How to complete this task:
Without the pictures, give the entries below again exactly as written.

Excerpts from a dataset:

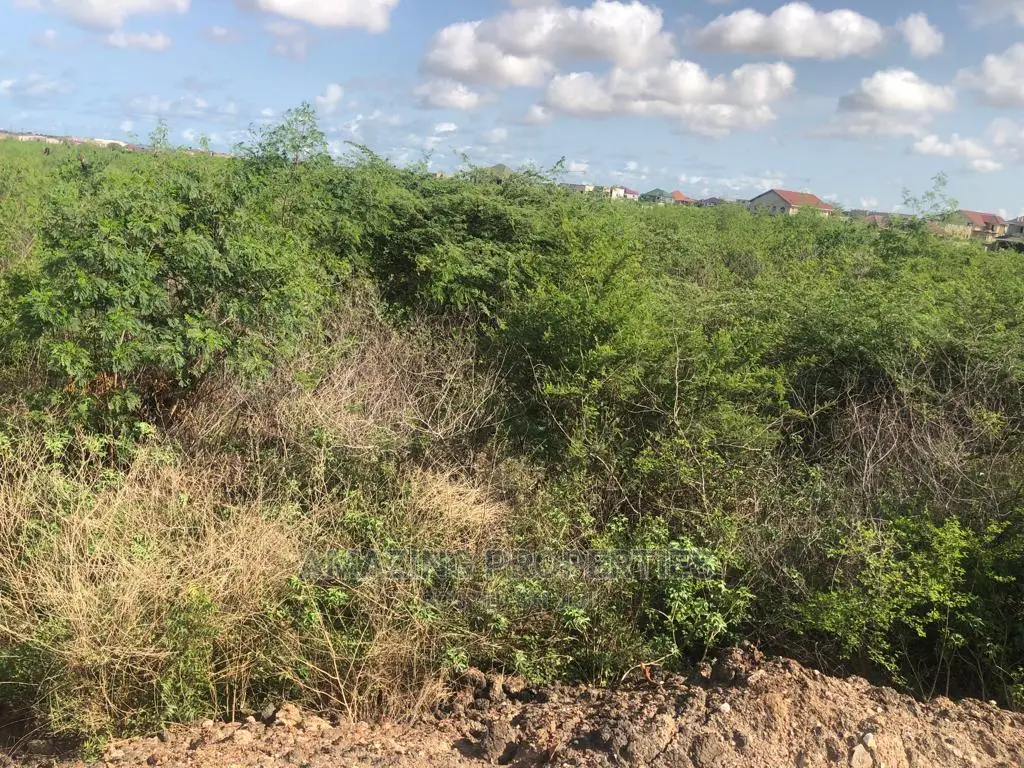 A 5.6 ACRES OF Land Available for JV in Airport Residential Area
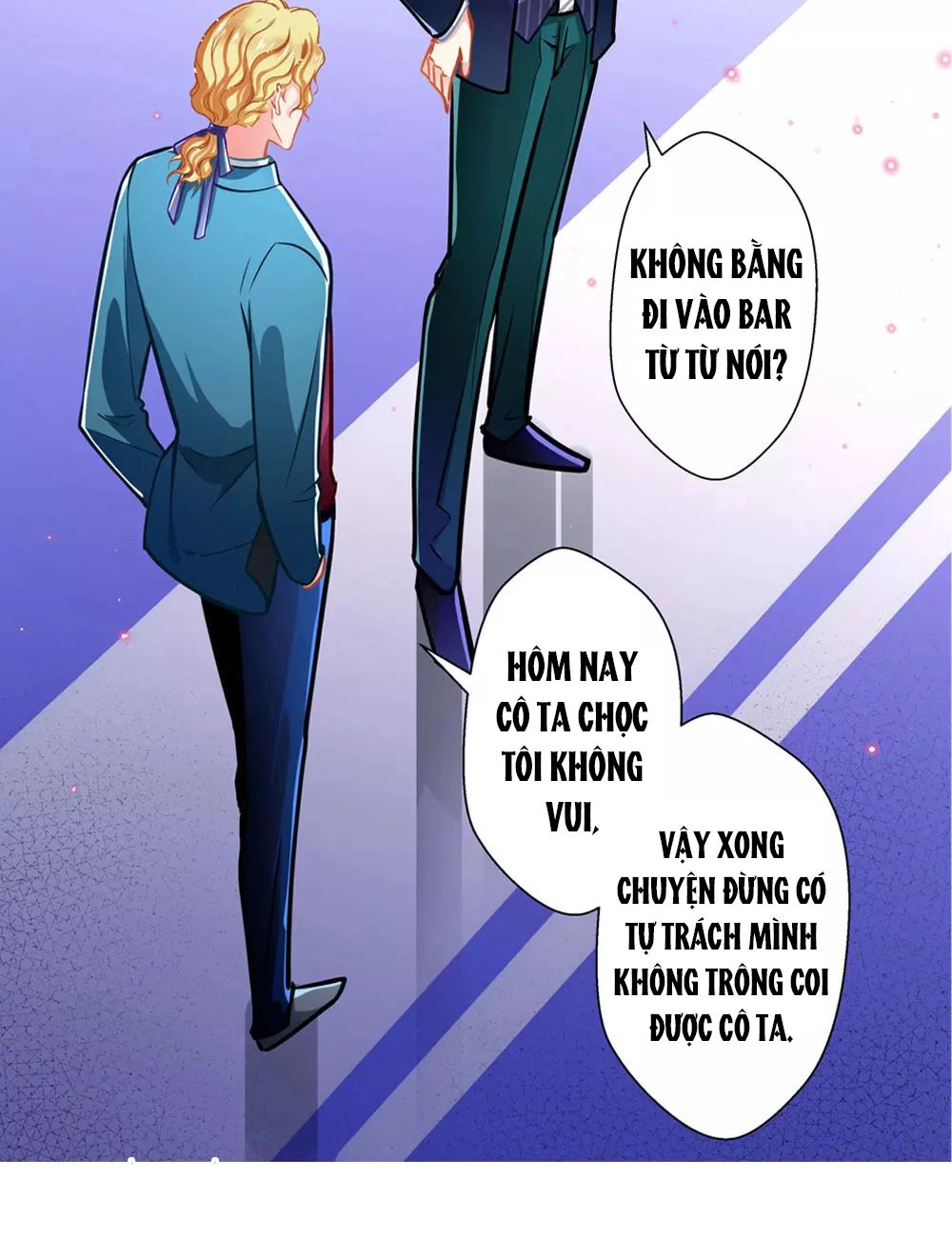 Cưng Chiều Ái Thê Hư Hỏng Chapter 67 - 13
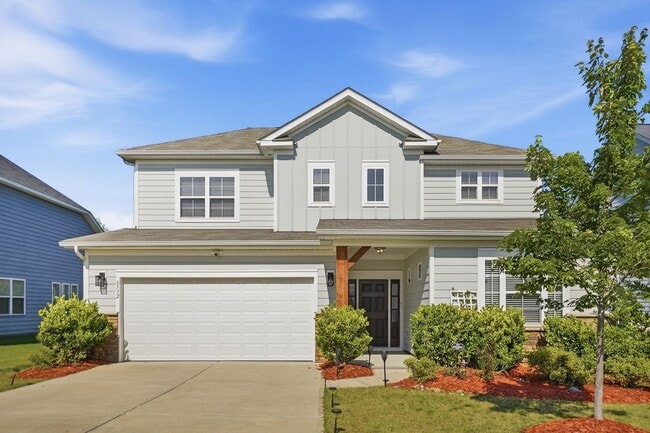 Photo - Stunning Home with Main-Level Bedroom, Gourmet Kitchen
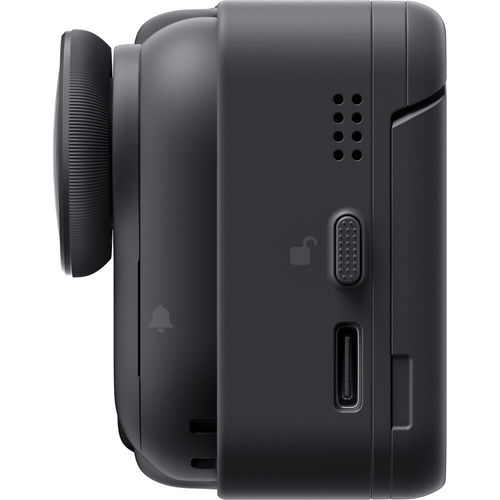 מצלמת אקסטרים Insta360 Go Ultra (Standard, Black)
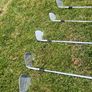 Titleist AP2 710 4-PW (PW is 714) Image 3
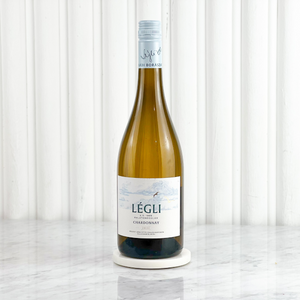 LÉGLI Chardonnay 2021 0.75l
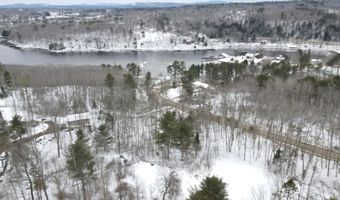 Patterson Hill Road lot 2, Belfast, ME 04915
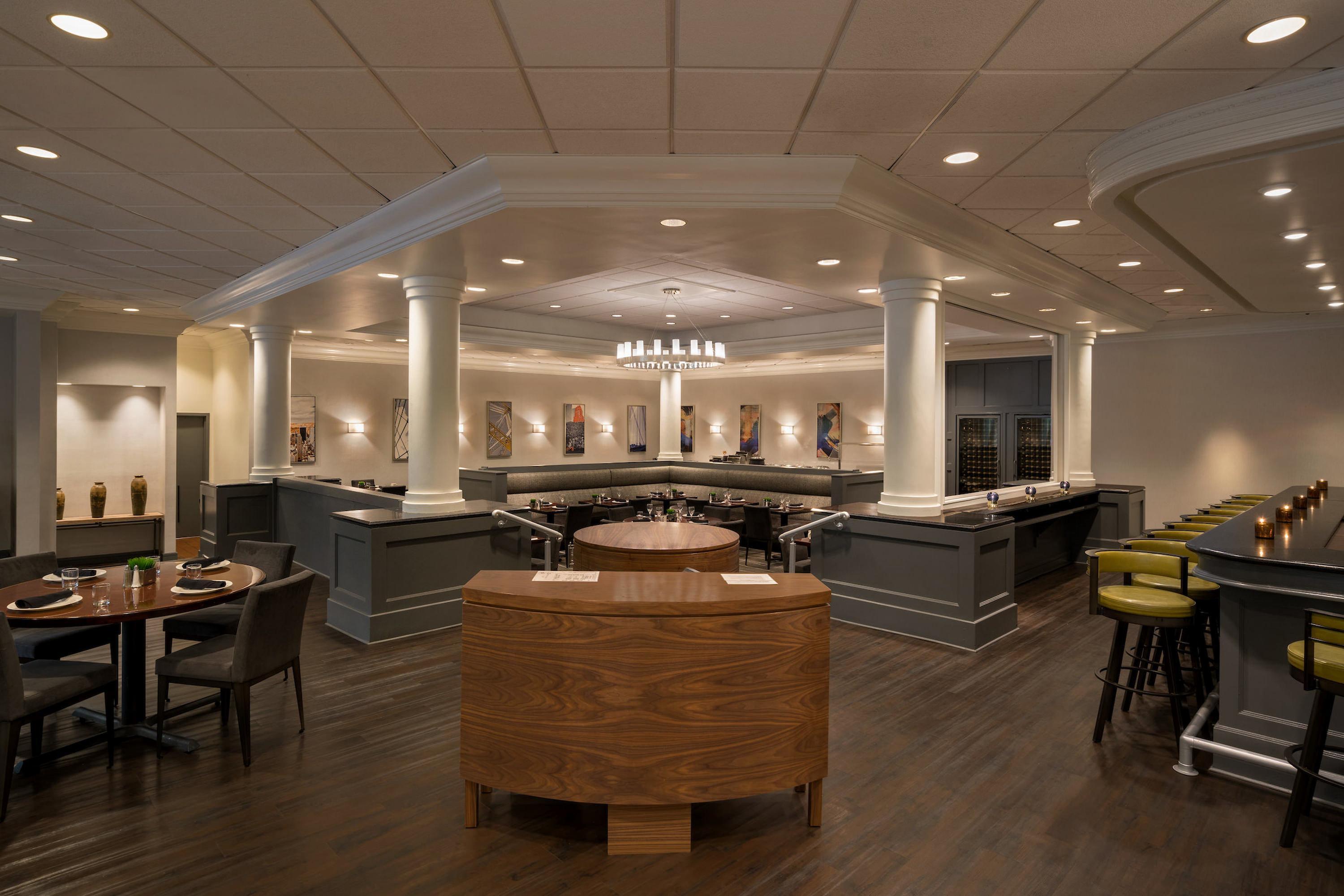 Hotel Crowne Plaza Englewood By Ihg Exteriér fotografie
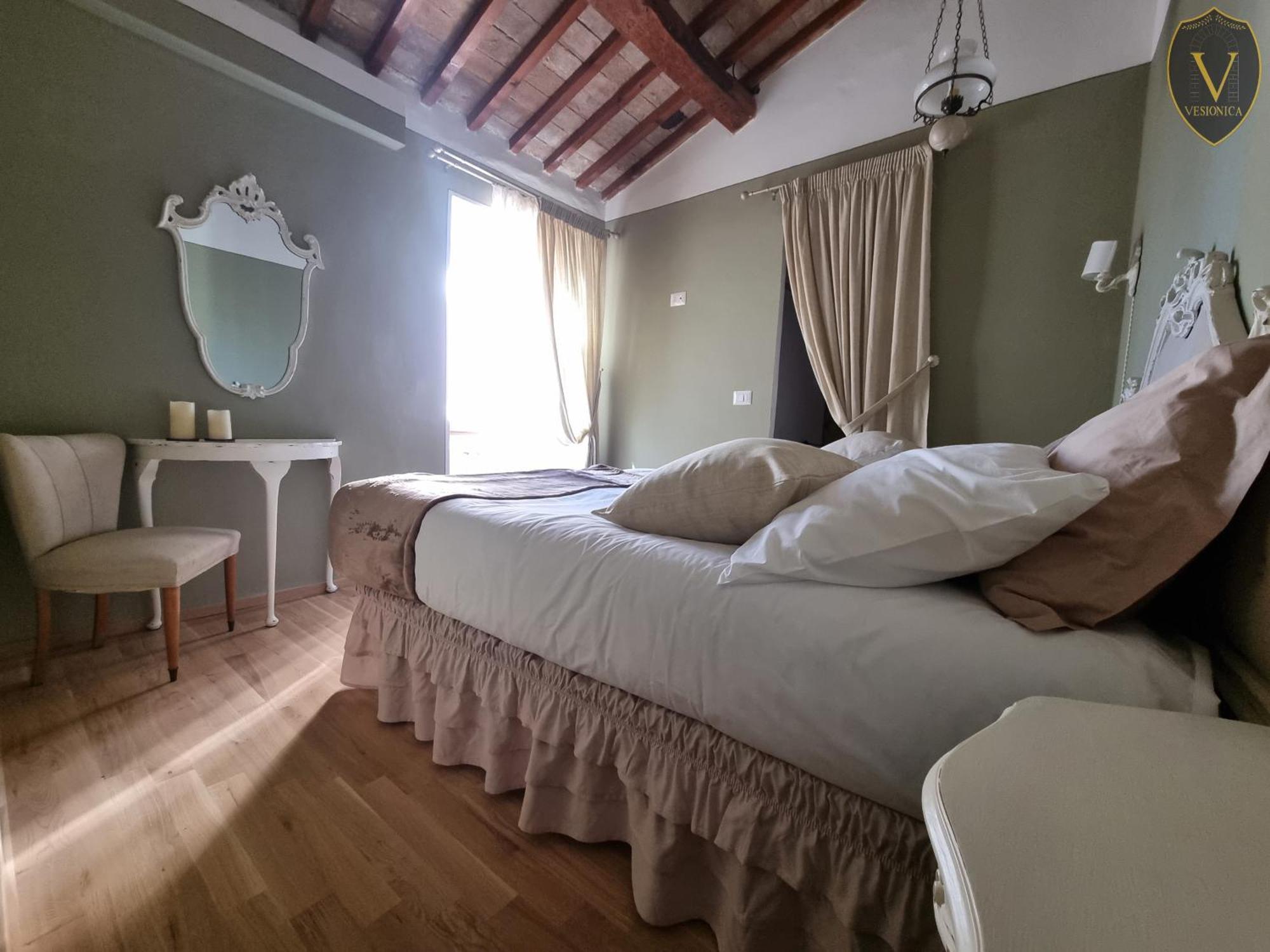 Vesionica Holiday House Perugia Civitella Benazzone Exterior foto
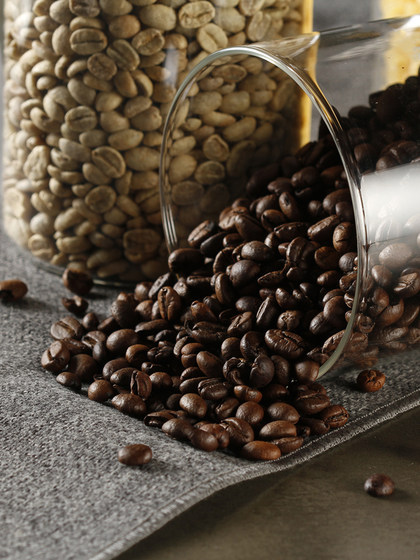 Cafedekona Coffee Bean 캔 밀봉 음식 간식 커피 가루는 수분을 방지 할 수 있습니다. Cafedekona Coffee Bean 캔 밀봉 음식 간식 커피 가루는 수분을 방지 할 수 있습니다.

Answer for the task:
 A 5.6 ACRES OF Land Available for JV in Airport Residential Area
 Cưng Chiều Ái Thê Hư Hỏng Chapter 67 - 13
 Photo - Stunning Home with Main-Level Bedroom, Gourmet Kitchen
 מצלמת אקסטרים Insta360 Go Ultra (Standard, Black)
 Titleist AP2 710 4-PW (PW is 714) Image 3
 LÉGLI Chardonnay 2021 0.75l
 Patterson Hill Road lot 2, Belfast, ME 04915
 Hotel Crowne Plaza Englewood By Ihg Exteriér fotografie
 Vesionica Holiday House Perugia Civitella Benazzone Exterior foto
 Cafedekona Coffee Bean 캔 밀봉 음식 간식 커피 가루는 수분을 방지 할 수 있습니다. Cafedekona Coffee Bean 캔 밀봉 음식 간식 커피 가루는 수분을 방지 할 수 있습니다.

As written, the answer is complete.